1.2.4 Theorie: Das kollektive Wettbewerbsrecht (Kartellrecht – Kompetitionismus)
Die vierte und vorläufig letzte Sozialidee kann man auch als »-ismus« bezeichnen. Sie hieße, weil der Wettbewerbsgedanke (engl.: Competition) die Grundlage seines Konzepts darstellt, »Kompetitionismus«. Das kollektive Wettbewerbsrecht ist – wie der Sozialismus – aus einem durchaus nicht unberechtigten Sozialneid heraus entstanden, und zwar um 1890 in den USA, niedergelegt im Sherman Antitrust Act, der Grundnorm des sogenannten kollektiven Wettbewerbsrechts, bei uns Kartellrecht genannt. Unser heutiges Kartellrecht müsste eigentlich »Antikartellrecht« heißen, unser Kartellamt »Antikartellamt«. Da die Kaiserzeit und die Weimarer Republik jedoch Perioden waren, in denen Kartelle befürwortet und gefördert wurden, und man sich rechtlich lediglich mit dem Missbrauch von Kartellen beschäftigte, wurde das Kartellrecht lediglich als Regelungsnorm für Verbände verstanden und nicht als Verbotsnorm.
Der Grundgedanke des heutigen Kartellrechts basiert auf der Definition des Begriffs »Wettbewerb« und nicht mehr auf der Vorstellung der Nützlichkeit solidarischer Abreden.

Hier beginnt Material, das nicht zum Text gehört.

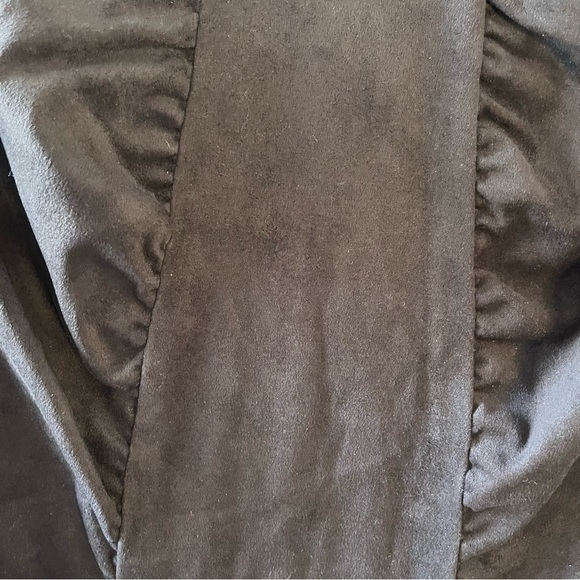 ZARA Basic Brown Ruched Faux Suede Bodycon Dress Size Medium - Picture 4 of 8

Der Wettbewerb ist von den Volkswirten dementsprechend nicht positiv, sondern negativ definiert, als Verbot von Abreden und als Verbot des Missbrauchs von Marktmacht 6 . Die Definition ist damit deckungsgleich mit den gesetzlichen Grundvorschriften des Kartellrechts (Gesetz gegen Wettbewerbsbeschränkungen), in dem vor allem das generelle Verbot von Abreden der Kaufleute untereinander, insbesondere das Verbot von Preisabsprachen, kodiert ist. Damit soll verhindert werden, dass die (vermeintlich sowieso schon reichen) Kaufleute nicht zu hohe oder noch höhere Gewinne machen und diese von der Bevölkerung, vom Verbraucher, insbesondere von den ärmeren Schichten, durch überhöhte Preise aufgebracht werden müssen.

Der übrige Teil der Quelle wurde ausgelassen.